§ THE TASK
All entries below need to be written out exactly, but without their pictures.
***** PROVIDED DATA *****
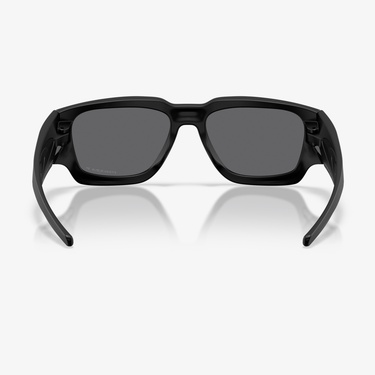  Oakley Instagator OO9514 Erkek Siyah Güneş Gözlüğü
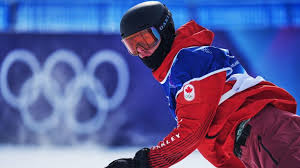 2026 Winter Olympics Men’s Snowboard Slopestyle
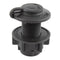 RAM ROD® Round Flush Base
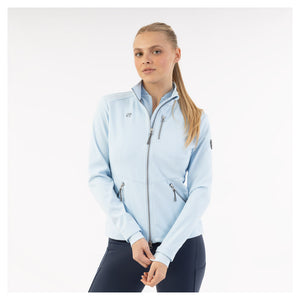 All Weather Jacket- Nantucket Breeze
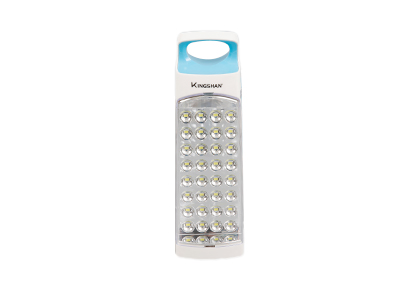 32LED Rechargeable Light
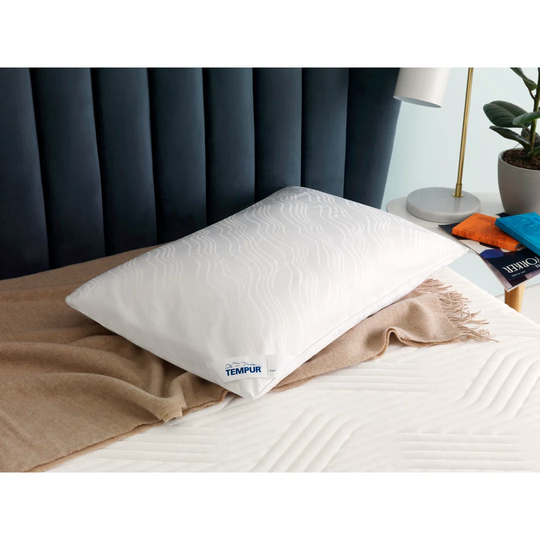 TEMPUR Traditional Pillow - FIRM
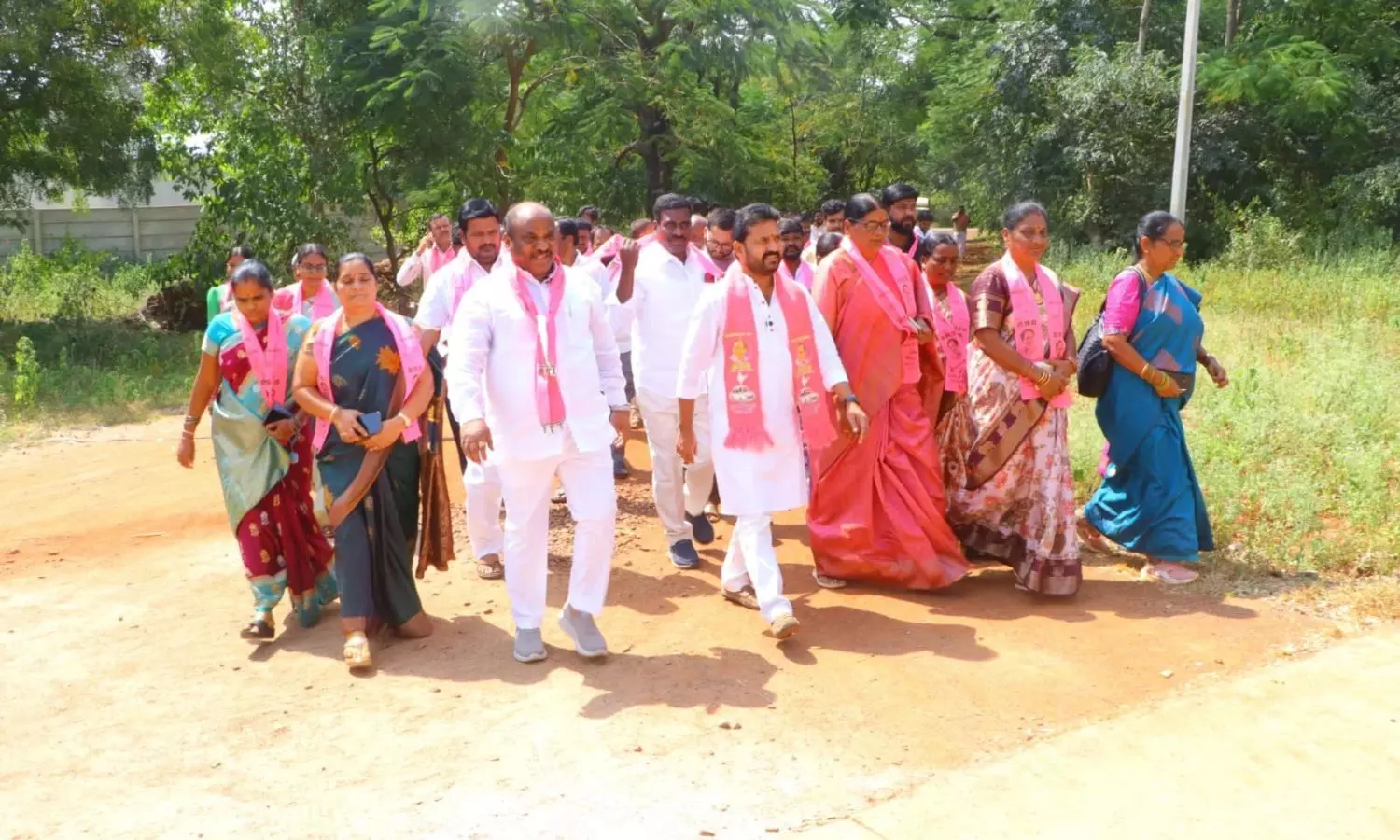 Vikarabad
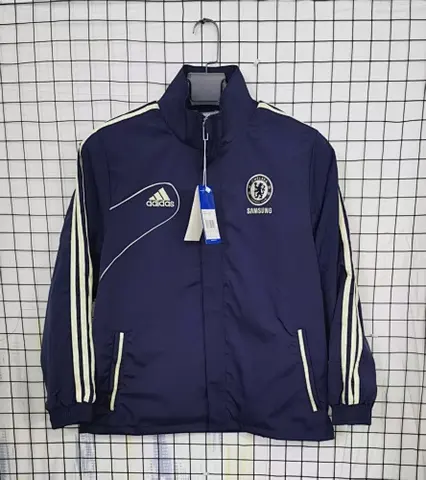 12/13 Chelsea Retro Windbreaker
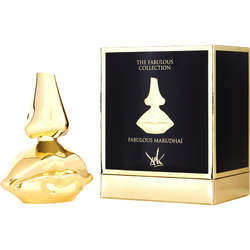 Dali Haute Parfumerie Fabulous Marudhai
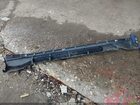 2026 Jeep Compass Limited Altitude Черный vin: 3C4NJDCN7TT151295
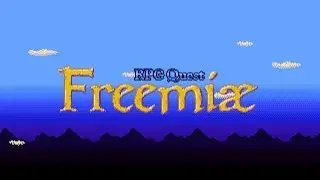 RPG Quest - Freemi&aelig; - Universal - HD Gameplay Trailer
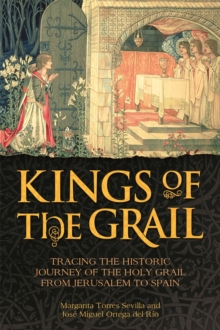 Image for Kings of the Grail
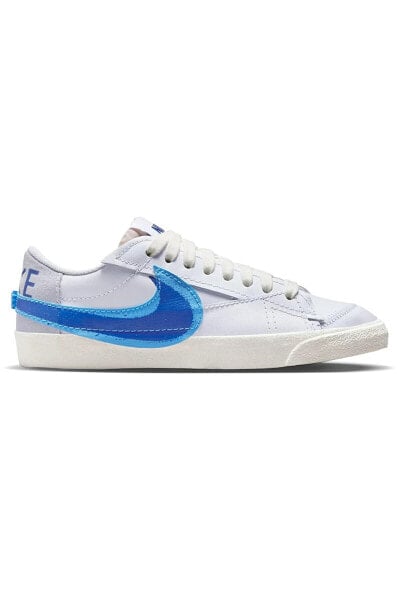 Blazer Low '77 Jumbo Beyaz Sneaker Ayakkabı FN3413-100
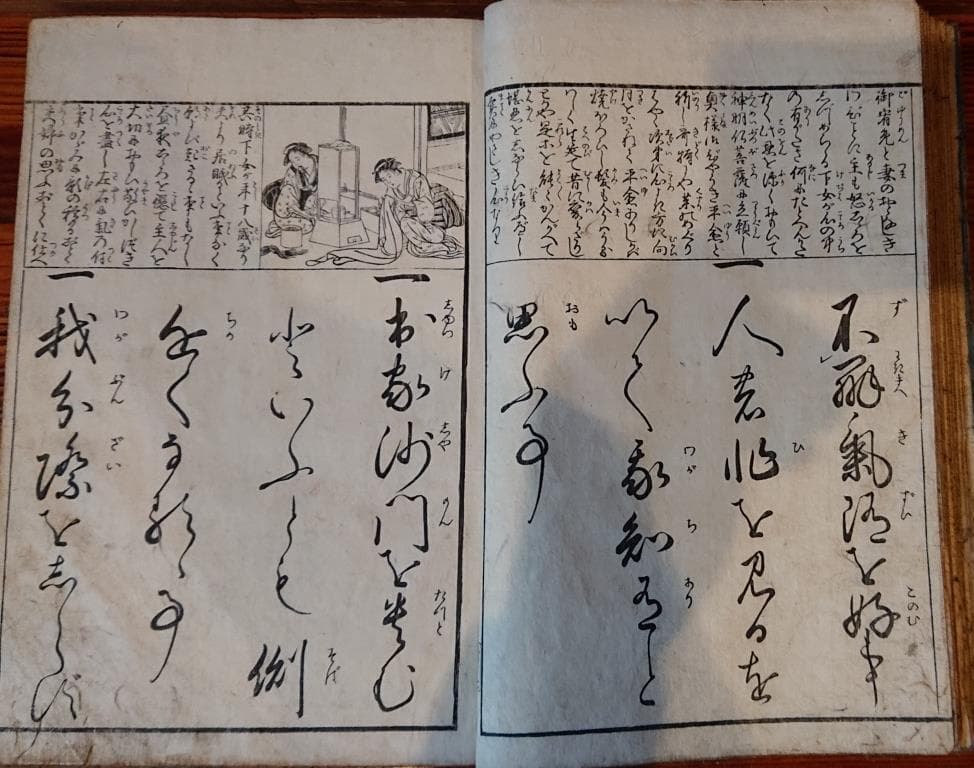 87　壽女今川躾録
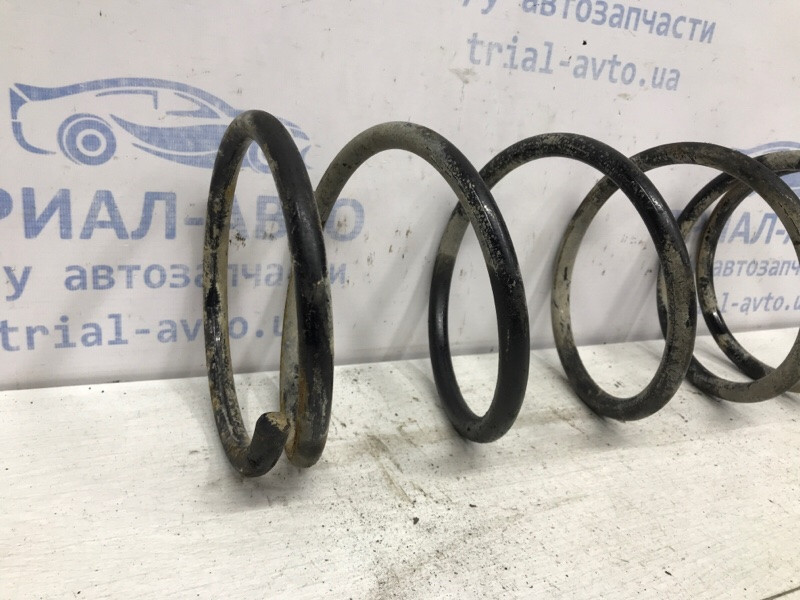 Пружина задняя Mitsubishi Pajero Sport K9 2.5 DIESEL 4D56 1996 (б/у) Київ - зображення 2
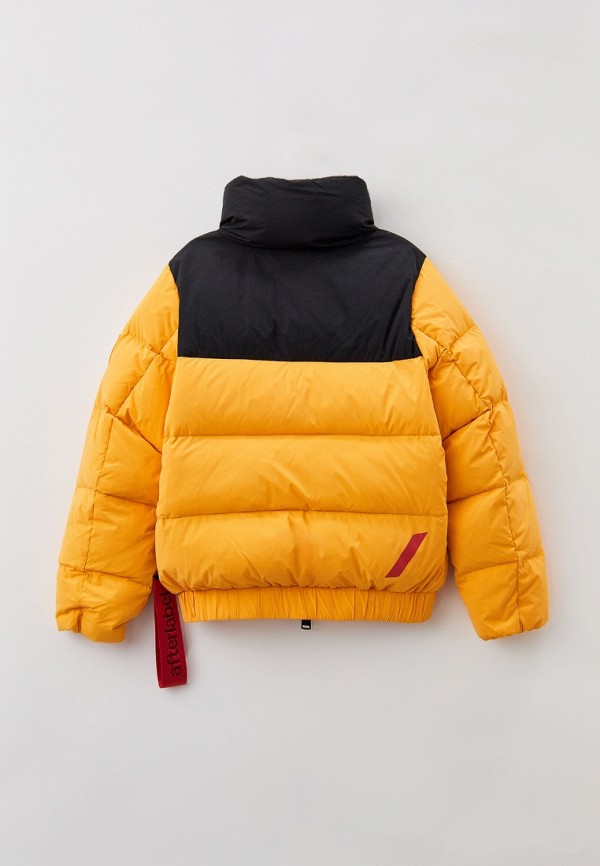 After Label Куртка утепленная - фото 2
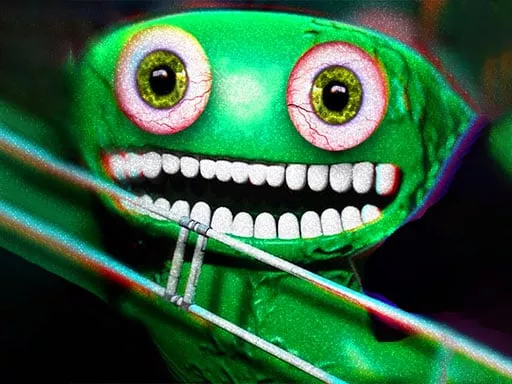 Garten of Banban 2 - game thumbnail image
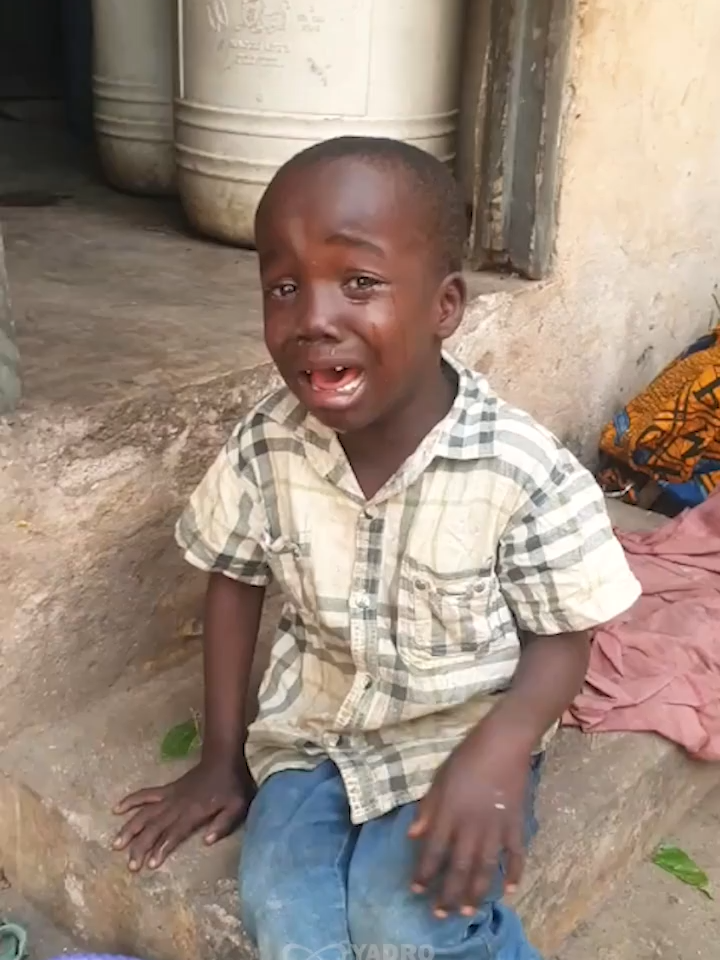 African Boy Crying Then Laughing Meme #FunnyTok #RelatableAF #ComedyTok #MemesInMotion #DailyLaughs #GenZHumor #LOL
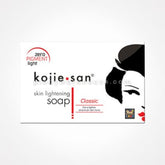 Kojie San Skin Lightening Soap 135gm saffronskins.com™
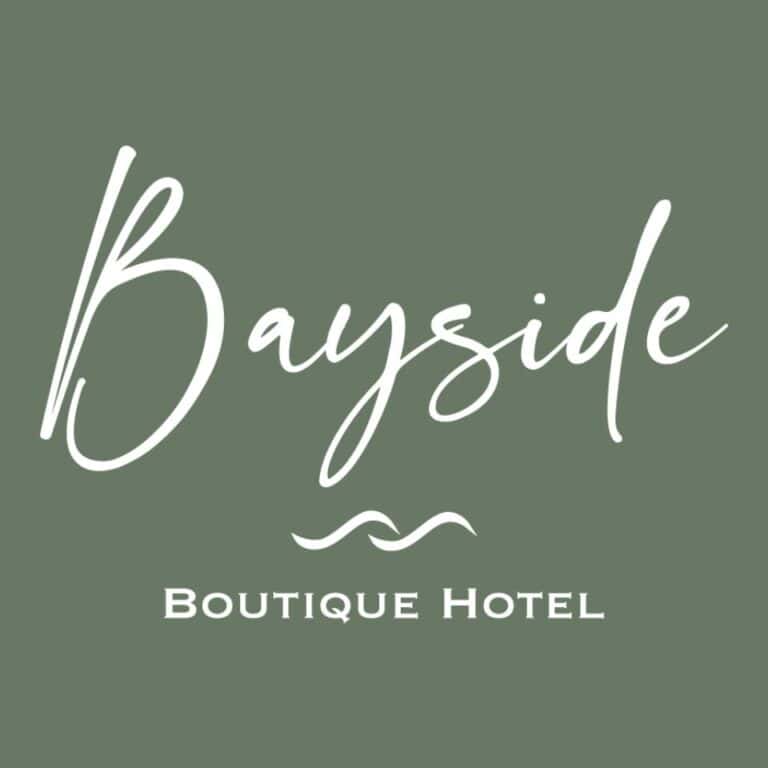 Bayside Boutique Restaurant @Blue Bay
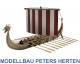 Krick Fischerboot 1:35 Bausatz - 24571 Abb. 1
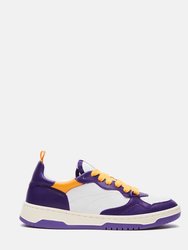 Women'S Everlie Sneaker - Purple Multi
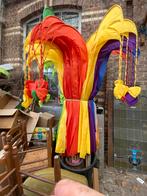 Lot Balinese vlaggen wimpels feestdecoratie, Ophalen, Nieuw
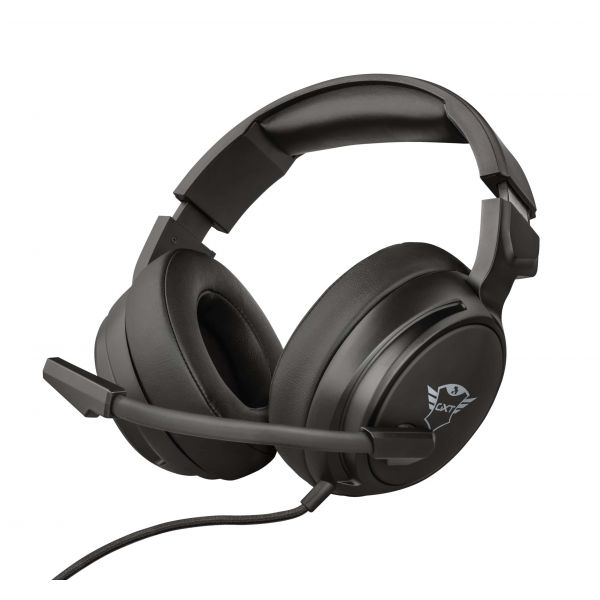 Trust GXT 433 Pylo Comfort Gaming Headset voor PS4 en PC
*****
§ PROBLEM SOLUTION
  Oakley Instagator OO9514 Erkek Siyah Güneş Gözlüğü
 2026 Winter Olympics Men’s Snowboard Slopestyle
 RAM ROD® Round Flush Base
 All Weather Jacket- Nantucket Breeze
 32LED Rechargeable Light
 TEMPUR Traditional Pillow - FIRM
 Vikarabad
 12/13 Chelsea Retro Windbreaker
 Dali Haute Parfumerie Fabulous Marudhai
 2026 Jeep Compass Limited Altitude Черный vin: 3C4NJDCN7TT151295
 RPG Quest - Freemi&aelig; - Universal - HD Gameplay Trailer
 Image for Kings of the Grail
 Blazer Low '77 Jumbo Beyaz Sneaker Ayakkabı FN3413-100
 87　壽女今川躾録
 Пружина задняя Mitsubishi Pajero Sport K9 2.5 DIESEL 4D56 1996 (б/у) Київ - зображення 2
 After Label Куртка утепленная - фото 2
 Garten of Banban 2 - game thumbnail image
 African Boy Crying Then Laughing Meme #FunnyTok #RelatableAF #ComedyTok #MemesInMotion #DailyLaughs #GenZHumor #LOL
 Kojie San Skin Lightening Soap 135gm saffronskins.com™
 Bayside Boutique Restaurant @Blue Bay
 Krick Fischerboot 1:35 Bausatz - 24571 Abb. 1
 Women'S Everlie Sneaker - Purple Multi
 Lot Balinese vlaggen wimpels feestdecoratie, Ophalen, Nieuw
 Trust GXT 433 Pylo Comfort Gaming Headset voor PS4 en PC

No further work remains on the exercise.